[Caption-style text data]
════

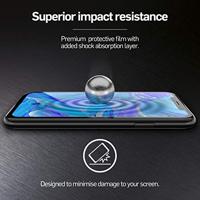 Thor Full Screen folie + applicator voor P30 Pro, zwart - thumbnail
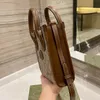 Omuz Mini Alışveriş Çantası 2022 En Kalite Luxurys Yüksek Tasarımcılar Çanta Çanta Messenger Kadın Tavalar Moda Çantaları Baskı Çapraz Keyik Debriyaj Wal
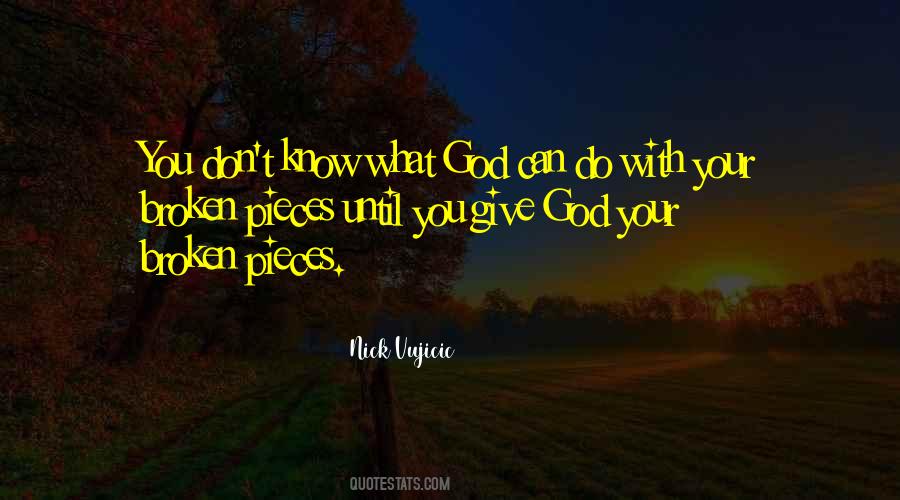 Nick Vujicic Quotes #1291991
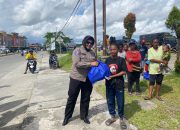 Masih Terkait Cooling System Pasca Pilkada, Polres Mimika Bagikan 2.000 Paket Bama Jelang Natal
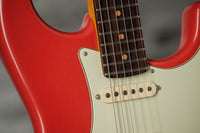 Fender American Ultra Luxe Vintage '60s Stratocaster® HSS Fiesta Red #US25030585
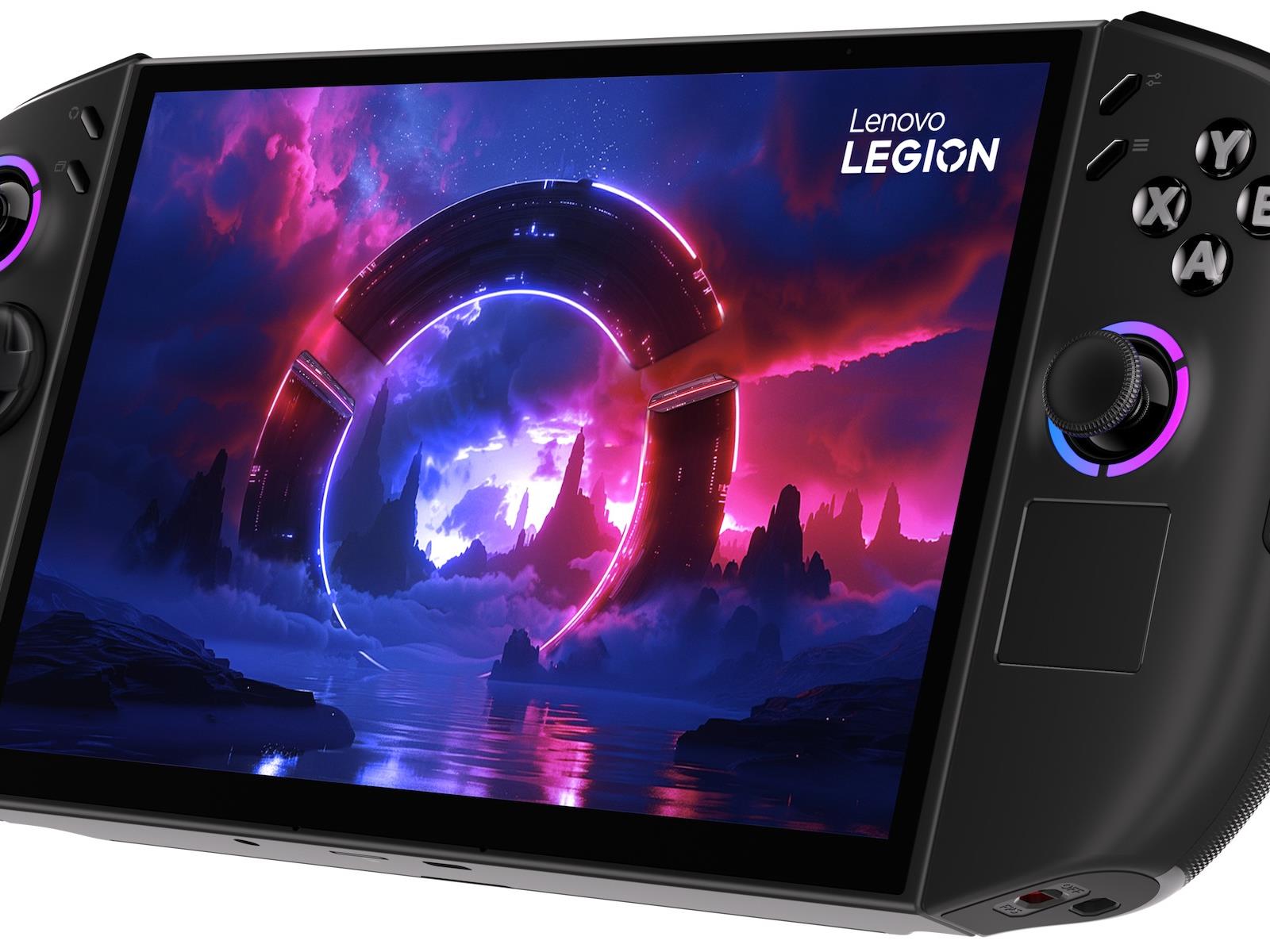Lenovo Demos New Legion Gaming Gear At IFA 2025, Including Go 2 Handheld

════

▶ Exercise aim
Please print every record exactly as written, without the pictures.

▶ Task answer
 Thor Full Screen folie + applicator voor P30 Pro, zwart - thumbnail
 Omuz Mini Alışveriş Çantası 2022 En Kalite Luxurys Yüksek Tasarımcılar Çanta Çanta Messenger Kadın Tavalar Moda Çantaları Baskı Çapraz Keyik Debriyaj Wal
 Nick Vujicic Quotes #1291991
 Masih Terkait Cooling System Pasca Pilkada, Polres Mimika Bagikan 2.000 Paket Bama Jelang Natal
 Fender American Ultra Luxe Vintage '60s Stratocaster® HSS Fiesta Red #US25030585
Lenovo Demos New Legion Gaming Gear At IFA 2025, Including Go 2 Handheld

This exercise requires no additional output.